This level is relatively new. As his resume suggests, Everett has had to do many different things over the years. The son of an army officer turned businessman, he was educated at Benedictine monastery but dropped out at 15. He was accepted to London’s Central School for Speech and Drama but was kicked out. Why?
“I suppose I was pretty much of a mess at that point,” he says. “I don’t remember, to be honest. I just think they didn’t think I was very good.”
He then toured with the Citizens Theater Company of Glasgow. When asked if that’s where he got his training, he replies, “I think you get training all through your career. I don’t think you get that much of it in drama school.”
Despite the early successes of “Another Country” and “Dance With a Stranger,” Everett continued to scrounge for work. In fact, he’s always scrounged for work. “I’ve never worked more than once every 16 months on a movie, apart from last year, because of my position on the food chain,” he says. “Which means the stuff that gets my way, most of it is ridiculous.”
It’s been repeatedly reported that because he was fed up with acting he quit at the age of 26. He was living in Paris at the time. He insists that this is not true, that he had what he calls a “normal” career in Europe.

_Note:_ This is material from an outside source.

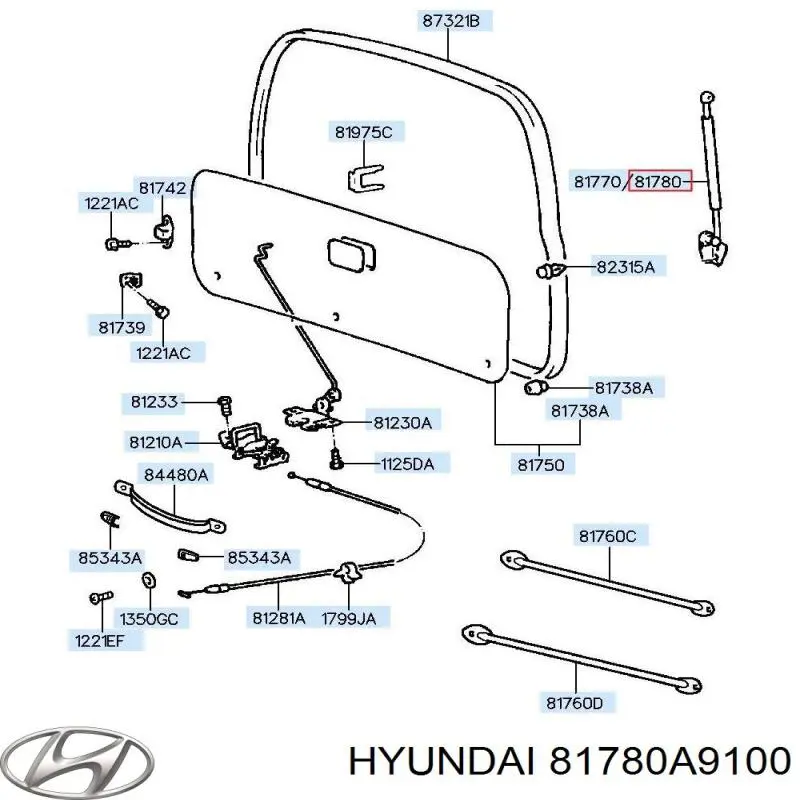  Амортизатор багажника KIA Sedona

“There was very much a Brat Pack thing going on,” he says. “There was really no place for me. I went to live in Europe because I thought with 1992 coming and the unification of Europe, I would be a frontiersman English actor. I thought the language was bound to become English in films, so I should go there. I did about nine films. Three are really good. One was called ‘The Chronicle of a Death Foretold,’ based on the [Gabriel] Garcia Marquez novel. I did a film called ‘The Man With the Golden Spectacles,’ which was a huge European hit. The thing is, none of these films were exported out of Europe. England doesn’t recognize Europe. America doesn’t even know about Europe. So in those terms, I disappeared.”

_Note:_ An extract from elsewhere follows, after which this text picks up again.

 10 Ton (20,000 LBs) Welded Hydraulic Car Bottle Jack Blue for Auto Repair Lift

At one point Everett ran out of money, and that’s when he began writing. And though he’s contemptuous of the notion that people get work from being “seen”--actors who believe this are “bovine,” he says--his literary efforts did raise his profile and acting offers soon followed. One of them was “Ready to Wear,” in which he worked with Roberts. It’s no coincidence that Roberts, who had casting approval for “My Best Friend’s Wedding,” OKd him for the role of her new best friend.
According to Everett, there was no audition. In fact, he didn’t even meet the director, P.J. Hogan (“Muriel’s Wedding”), because Hogan was in L.A. and Everett was in London doing a play. When they met on the set, however, they did improvise some of his lines and come up with new scenes. Everett says there was never any nervous handling of his gay character.
“I didn’t really approach it like that,” he says. “I approached it just as a part. I didn’t think of it politically. It wasn’t meant to be a screaming queen. I suppose it would have depended on who played it. Maybe somebody who’s straight would have played him gayer and someone’s who’s gay would play him straighter. I don’t know.”
He may have to think about these issues should he ever get his pet project, a movie version of “Hello Darling,” off the ground. Perhaps his work on “My Best Friend’s Wedding” will give him the clout to get it made. This thought is almost enough to make him smile. Not a chance.